My first reaction was that I am familiar with that technique, but haven’t given it much active thought over the last several years. When I worked for a company that did CRM software development back in the early ’90′s, we did something similar. As part of the design of the application I led, we wanted to pre-populate look-up tables with various entries. Simply put, if a field was designated to be used for ‘Country’, for example, we wanted to makes sure all of the companies were pre-populated. Very straight forward. However, if you wanted to pre-populate the ‘Title’ field look-up table, for instance, or the ‘First Name’ field, this we accomplished by reading text in a computerized directory, parsing then indexing the text, to come up with a list of values that we could import into the respective look-up table. No great shakes.
More recently, back in 2003, TriAxis used a company that could take PDF-based directories and import the text into database fields. I still see them out there positioning their product as a way to glean data off the web for acquiring more prospects.
My second, and near immediate, reaction was one of violation. When one company surreptitiously goes onto sites in order to ‘scrape’ data, without permission or regard for whom the data belongs or from where the data is obtained, then I think that should be dealt with swiftly and decisively. The fact that they don’t ask if they can do this says they, corporately, would rather “beg forgiveness than ask permission”. We are too lenient about this, which is why companies don’t fear reprisal and continue to push the limits on data acquisition. Google still argues that it’s Wi-Fi scraping is “… for the good of its customers …”, although it claims it has stopped that practice. That type of mentality is reminiscent of why we have Obamacare, but that is not for this column…

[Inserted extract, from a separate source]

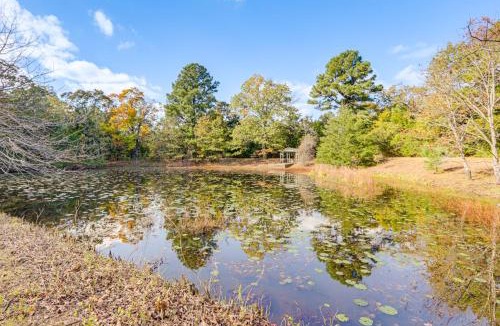 Eureka Springs House | Pond Mountain Springs 'Hawk Cabin,' 4 Mi to Dtwn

So, we have the technology that can be misused. It’s all about having information that can be used to an advantage. So, the collecting and storing of all types of data will continue, because the technology exists to do so. It makes me think of the ‘Jurassic Park’ quote by Dr. Ian Malcolm, “Yeah, but your scientists were so preoccupied with whether or not they could, they didn’t stop to think if they should.”
I believe the choice of whether we should or should not needs to be a decision made upfront, long before they did because they could.
I’m not really sure where I’m going with this — maybe this is a bit of a rant. But I will conclude that, as long as the possessor of information sees power by possession, then these tactics will find new ways to proliferate. And we storage guys will continue to look at new ways to store, manage and protect it.